Botanical Name : Sorbus aucuparia
Family: Rosaceae
Genus: Sorbus
Subgenus:Sorbus
Section:Sorbus
Species:S. aucuparia
Kingdom: Plantae
Order: Rosales

Synonyms : Pyrus aucuparia

Common Names: Mountain-ash, European mountain ash, Amur mountain-ash, Quick beam, Quickbeam, Rowan or Rowan-berry

Habitat :Sorbus aucuparia is native to Europe, including Britain, south and east from Iceland to Spain, Macedonia and the Caucasus. It grows in the woods, scrub and mountain rocks, mainly on lighter soil, rare or absent on clays or soft limestones. It is found at higher elevations than any other native tree.

Description:

Sorbus aucuparia occurs as a deciduous tree or shrub that grows up to between 5 and 15 m in height.

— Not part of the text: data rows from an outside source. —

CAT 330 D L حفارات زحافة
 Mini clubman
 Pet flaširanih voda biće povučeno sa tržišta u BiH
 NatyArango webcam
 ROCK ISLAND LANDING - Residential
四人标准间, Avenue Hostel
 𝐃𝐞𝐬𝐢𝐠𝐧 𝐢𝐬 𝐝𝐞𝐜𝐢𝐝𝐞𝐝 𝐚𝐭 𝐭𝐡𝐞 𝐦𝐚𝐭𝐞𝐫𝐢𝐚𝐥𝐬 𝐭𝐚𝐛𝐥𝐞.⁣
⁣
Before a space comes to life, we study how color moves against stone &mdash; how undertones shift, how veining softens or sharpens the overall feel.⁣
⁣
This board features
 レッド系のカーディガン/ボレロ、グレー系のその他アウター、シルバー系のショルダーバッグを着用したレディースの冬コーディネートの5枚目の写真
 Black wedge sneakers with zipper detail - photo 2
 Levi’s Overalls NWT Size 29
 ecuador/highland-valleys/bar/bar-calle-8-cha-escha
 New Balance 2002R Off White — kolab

The crown is loose and roundish or irregularly shaped but wide and the plant often grows multiple trunks. A trunk is slender and cylindrical and reaches up to 40 cm in diameter, and the branches stick out and are slanted upwards.The bark of a young S. aucuparia is yellowish gray and gleaming and becomes gray-black with lengthwise cracks in advanced age; it descales in small flakes. Lenticels in the bark are elongated and colored a bright ocher. The plant does not often grow older than 80 years and is one of the shortest-lived trees in temperate climate. Wood of S. aucuparia has a wide reddish white sapwood and a light brown to reddish brown heartwood. It is diffuse-porous, flexible, elastic, and tough, but not durable, with a density of 600 to 700 kg/m3 in a dried state. The roots of S. aucuparia grow wide and deep, and the plant is capable of root sprouting and can regenerate after coppicing.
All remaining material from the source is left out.